This is a loose mixture, with not a lot of strength. It does hold the track down, allows you to align the track right to left and fore to back. When you're satisfied , a little water holds everything in place. If something shifts a lot you can take a hammer and break this up and re-do it. 


Hey Richard, how have you been? Missed you at Chicago this year. I used the concrete and decomposed granite mix where the roof drain splashed on the track all the time and washed away the ballast. It has held up for a number of years. I have too much track to try and concrete it all. When we get one of those 'frog stranglers' I just scrape it back onto the track or put down some new. Here in Houston, all we have to work with is the decomposed granite.


----------



## jake3404 (Dec 3, 2010)

Couple things, 

First the method described by the OP is only good for holding the ballast in place. It will not do much good to keep the track in place. Concrete mix needs to be mixed and then poured in a uniform pattern where the Cement can bind to itself. Puring concrete mix, unmixed, on a roadbed and then misting water to get the cement to activate only helps to keep the ballast in place. Sure there is some "stickyness" of the cement that will grip the track, but any small amount of force will dislodge the track from the ballast. 

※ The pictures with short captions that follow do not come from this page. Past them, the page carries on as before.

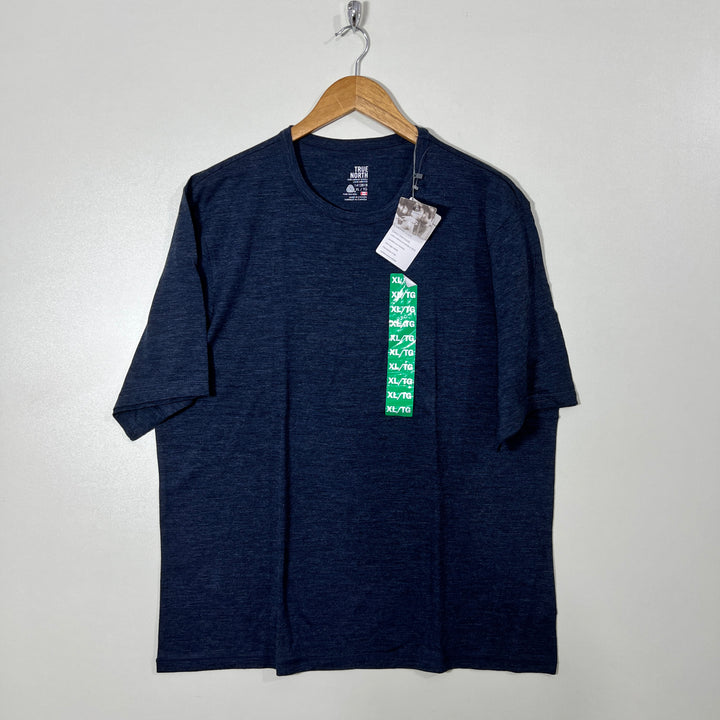 TRUE NORTH COTTON TSHIRT BRAND NEW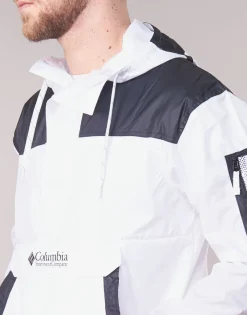 Columbia - CHALLENGER WINDBREAKER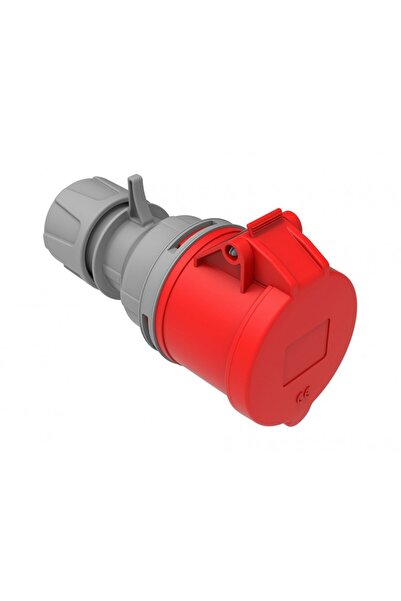 Bemis Cee Norm 5x32a 380v Ip44 Uzatma Priz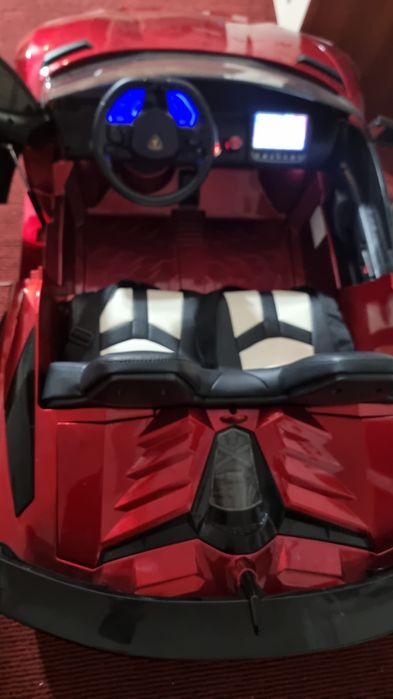 Продам электромобиль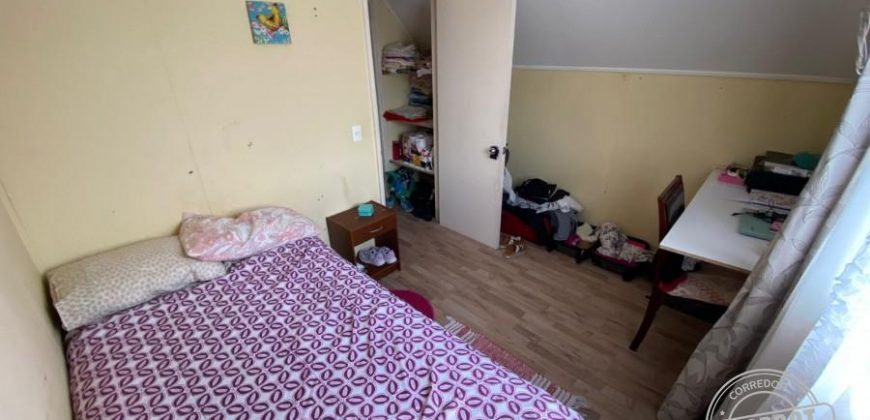 se vende casa en Cajon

Secondly, Greg and Kevin are really talking about something entirely different than what is proposed in this thread. The frost heave issues they are talking about are those of what others experience when they use a concrete roadbed, like Marty or others. There can be frost heave issues in this application, but the issues for this application would be more like what someone experiences when they used the trenching method. 

Overall, I think this is a good idea for areas where people have a problem with ballast washing away. It wont prevent washout, but it will resist it more than standard ballast.


----------



## aceinspp (Jan 2, 2008)

Tha'ts my point you lay it in cement and then when the cross level or warp or track heave comes into play now you got to chip away and re do. Wonder why real RR do not use concrete. Why would one want to have to go through the hassle of breaking up cement then level and then re cement. I just go out put some rock on the track level it and I'm good to go. Guess that is why some folks get discourage because of all the extra maintenance work. Later RJD


----------



## 0tter (Jul 29, 2012)

*my roadbed is crusher fines throughout, half an inch to two inches depending on the wheres and whats. gotta love going through and ballasting, ballasting, re-ballasting and leveling the right of way. just like the real thing. the fine mix of concrete looks good, with settling and heaving depending on climate it'll probably crack where it needs to and float where it needs to float. were not talking 14" thick freeway segments here. id been toying with the idea of mixing a little portland with my roadbed, just hasn't come to fruition. i think with some experimenting it could prove itself. after all concrete is the foundation of america.*


----------